The week before break, at the group meeting, we discussed the gene lists Miriam and I created. Because of the lack of overlap on my part, my next job to do is to modify my program to account for possible different gene names. Anna sent me a giant text file for it, and I will get it done by the Friday meeting.
I did not spend all of break dormant, and I learned more about bayesian statistics in addition to a brief overview by one of Anna’s post-docs. I think one of the difficulties of knowing how Bayes’ theorem works is the fact that it’s just so ingrained into our normal thought. Given B, what is the probability of A? It’s the probability of B given A times the probability of A divided by the probability of B. The first thing to note is the B denominating the whole equation. The B is accounting for the probability warping from the context of the problem. The second factor is probability of B given A. This represents the relationship we already know.
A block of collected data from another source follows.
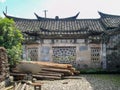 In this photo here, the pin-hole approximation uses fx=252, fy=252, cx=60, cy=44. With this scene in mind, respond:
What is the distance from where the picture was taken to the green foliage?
1498cm

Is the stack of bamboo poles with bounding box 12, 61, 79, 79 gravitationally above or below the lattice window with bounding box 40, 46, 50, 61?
below

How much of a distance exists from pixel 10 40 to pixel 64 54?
26.1ft

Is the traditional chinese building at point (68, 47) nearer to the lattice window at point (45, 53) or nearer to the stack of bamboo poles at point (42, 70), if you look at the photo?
the lattice window at point (45, 53)

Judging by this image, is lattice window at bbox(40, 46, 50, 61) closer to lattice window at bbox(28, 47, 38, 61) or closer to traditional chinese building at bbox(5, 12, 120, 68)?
traditional chinese building at bbox(5, 12, 120, 68)

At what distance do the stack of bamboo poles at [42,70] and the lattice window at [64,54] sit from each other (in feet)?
20.2

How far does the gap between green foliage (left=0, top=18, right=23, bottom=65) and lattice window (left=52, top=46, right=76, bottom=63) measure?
7.04 m

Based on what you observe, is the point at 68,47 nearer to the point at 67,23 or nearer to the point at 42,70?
the point at 67,23

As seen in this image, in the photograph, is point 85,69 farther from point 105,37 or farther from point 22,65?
point 22,65

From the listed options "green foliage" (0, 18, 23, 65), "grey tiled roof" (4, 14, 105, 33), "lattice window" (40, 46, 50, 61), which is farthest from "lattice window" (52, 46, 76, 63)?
"green foliage" (0, 18, 23, 65)

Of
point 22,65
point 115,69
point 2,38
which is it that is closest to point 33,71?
point 22,65

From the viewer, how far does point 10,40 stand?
15781 millimetres

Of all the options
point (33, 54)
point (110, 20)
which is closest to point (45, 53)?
point (33, 54)

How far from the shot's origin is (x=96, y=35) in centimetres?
2283

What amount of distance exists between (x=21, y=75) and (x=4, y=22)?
3.46m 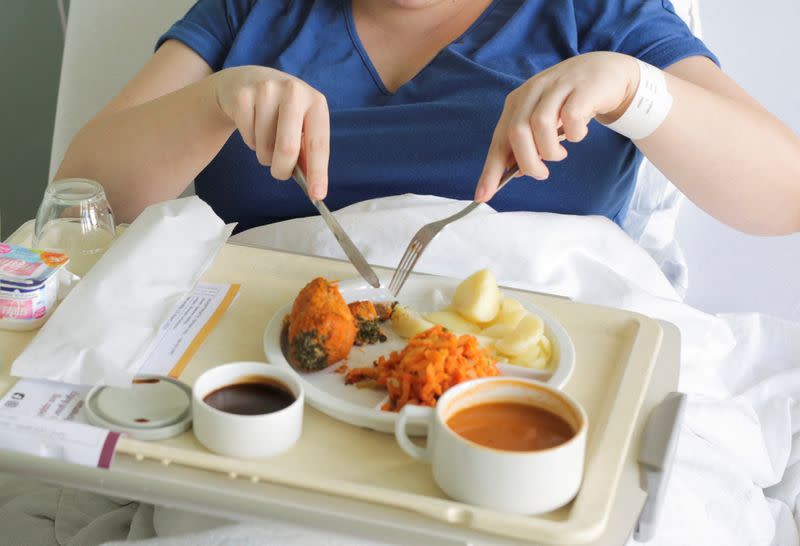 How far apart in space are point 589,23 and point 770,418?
1.97 feet

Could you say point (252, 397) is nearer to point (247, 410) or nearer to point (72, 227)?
point (247, 410)

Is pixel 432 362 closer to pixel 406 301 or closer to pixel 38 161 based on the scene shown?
pixel 406 301

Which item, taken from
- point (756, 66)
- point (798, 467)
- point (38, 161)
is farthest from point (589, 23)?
point (38, 161)

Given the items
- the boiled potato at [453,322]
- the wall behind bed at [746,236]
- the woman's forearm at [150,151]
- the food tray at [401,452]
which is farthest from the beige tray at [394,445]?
Answer: the wall behind bed at [746,236]

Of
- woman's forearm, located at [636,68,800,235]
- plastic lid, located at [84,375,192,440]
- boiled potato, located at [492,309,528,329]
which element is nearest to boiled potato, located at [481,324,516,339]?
boiled potato, located at [492,309,528,329]

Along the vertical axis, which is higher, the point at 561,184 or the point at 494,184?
the point at 494,184

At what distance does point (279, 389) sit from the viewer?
→ 2.52ft

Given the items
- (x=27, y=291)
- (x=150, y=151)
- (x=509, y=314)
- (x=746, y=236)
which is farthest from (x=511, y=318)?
(x=746, y=236)

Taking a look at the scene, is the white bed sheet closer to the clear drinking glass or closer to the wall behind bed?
the clear drinking glass

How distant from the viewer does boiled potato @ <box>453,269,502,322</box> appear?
90cm

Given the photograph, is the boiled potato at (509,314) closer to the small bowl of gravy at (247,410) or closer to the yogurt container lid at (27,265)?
the small bowl of gravy at (247,410)

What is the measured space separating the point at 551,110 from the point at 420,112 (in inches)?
14.3

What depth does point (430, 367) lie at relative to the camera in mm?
759

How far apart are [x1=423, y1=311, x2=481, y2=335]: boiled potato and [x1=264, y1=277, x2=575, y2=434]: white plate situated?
1.5 inches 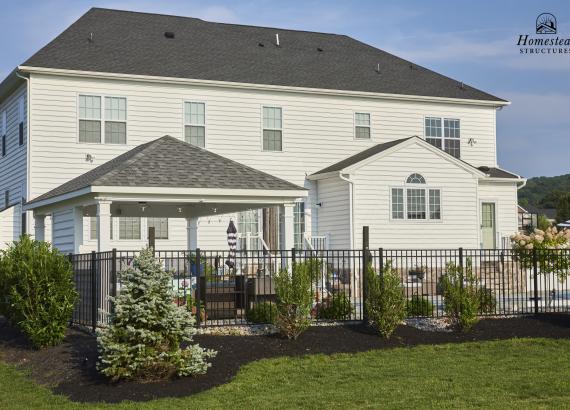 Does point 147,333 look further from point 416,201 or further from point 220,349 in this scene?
point 416,201

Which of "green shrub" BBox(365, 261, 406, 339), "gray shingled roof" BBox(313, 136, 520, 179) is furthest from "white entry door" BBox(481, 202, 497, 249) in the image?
"green shrub" BBox(365, 261, 406, 339)

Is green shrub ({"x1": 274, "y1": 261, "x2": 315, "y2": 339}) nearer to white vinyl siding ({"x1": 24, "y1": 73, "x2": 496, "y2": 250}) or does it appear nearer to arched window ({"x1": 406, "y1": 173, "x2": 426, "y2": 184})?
white vinyl siding ({"x1": 24, "y1": 73, "x2": 496, "y2": 250})

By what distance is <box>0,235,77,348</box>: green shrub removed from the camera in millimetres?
14383

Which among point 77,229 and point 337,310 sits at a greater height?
point 77,229

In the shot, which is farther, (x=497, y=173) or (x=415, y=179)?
(x=497, y=173)

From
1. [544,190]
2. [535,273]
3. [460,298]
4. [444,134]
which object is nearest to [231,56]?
[444,134]

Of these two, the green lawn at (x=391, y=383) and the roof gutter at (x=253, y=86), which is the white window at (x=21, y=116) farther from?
the green lawn at (x=391, y=383)

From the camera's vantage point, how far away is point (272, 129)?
27.7 m

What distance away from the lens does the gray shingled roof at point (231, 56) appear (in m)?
26.0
This is multiplied by the probability of A. Therefore, the numerator represents the total probability of B happening because of A, which can also be described as the total probability that the specified relationship happens. By accounting for the probability warping in the denominator, we get the actual probability of A given B.
Bayesian probability is the core of the functional interaction network and the integrated network we will make. I can already kind of see how gene interaction probabilities could be derived from this given interaction data.
However, the mutual exclusivity clause in the theorem might be tricky. I’ll have to closely look at the supplemental data to see how the functional interactive builders accounted for this.